遺伝子工学が空想科学のようなものであるということは、ずっと前のことではありませんでした。しかし、1970年代以降、遺伝子操作技術は、外来DNAを生物にスプライシングすることがほぼ日常的な段階にまで進んでいます。たとえば、害虫抵抗性の遺伝子をトウモロコシに接合し、ヒトインスリンを作る遺伝子を細菌に入れ、ヒトの癌を模倣する遺伝子を実験用マウスに入れることができます。手順の詳細は、各ステップに多くのオプションがある短い記事で説明するには複雑すぎますが、ステップの論理的なシーケンスの概念的な概要はかなり簡単です。

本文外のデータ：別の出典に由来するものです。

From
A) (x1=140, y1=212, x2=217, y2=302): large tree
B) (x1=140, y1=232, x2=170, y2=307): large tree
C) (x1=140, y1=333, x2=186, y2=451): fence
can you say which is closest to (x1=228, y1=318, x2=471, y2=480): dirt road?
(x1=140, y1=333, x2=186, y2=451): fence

プラスミドDNAおよび目的のDNAを制限酵素とともにインキュベートします。制限酵素はDNA塩基の特定の配列を検出し、その時点でDNAを切り離します。制限酵素は、ウイルスに対するいくつかの細菌防御機構に由来します。 DNAを切り取って特定のパターンの塩基を検出する分子です。
切断されたプラスミドとゲノムDNA断片をDNAリガーゼでインキュベートします。ほとんどの制限酵素では、環状プラスミドとゲノムDNAフラグメントには、互いにつかみ合う相補的な「粘着末端」があります。その後、DNAリガーゼが断片の接着を完了します。その結果、ゲノムDNAの一部を含む一連の環状プラスミドができます。
プラスミドを細菌に挿入し、細菌を培養して、修飾DNAを含浸させた生物のコロニーを成長させます。プラスミドに宿主細菌にない抗生物質耐性遺伝子がある場合、抗生物質を注入した増殖培地で細菌を培養することにより、正常に改変された細菌を自動的にスクリーニングできます。バクテリアにプラスミドを挿入する方法はいくつかあります。例えば、マイクロニードルを使用したり、電界を加えてバクテリア膜に小さな穴を開けたり、バクテリアとプラスミドを同じ溶液に入れてバクテリアに吸収させるなどです。当然。
改変された細菌の異なるコロニーからのサンプル細胞。採取した細胞を洗剤溶液で洗浄して細菌膜を破壊し、DNAを抽出し、加熱するか、水酸化ナトリウムにさらして鎖を分離します。これにより、DNAの塩基配列が分析されます。
蛍光プローブでDNAをインキュベートします。インキュベートしたDNAに紫外線を当て、蛍光を観察します。プローブは、挿入したゲノムDNAと一致する短いDNAシーケンスで構成されます。プローブが探しているDNAと一致する場合、照らされると光ります。
挿入したい遺伝子を含むコロニーから細菌を分離します。バクテリアのコロニーを成長させるか、以前のようにDNAを抽出してポリメラーゼ連鎖反応装置で複製して、DNAを複製します。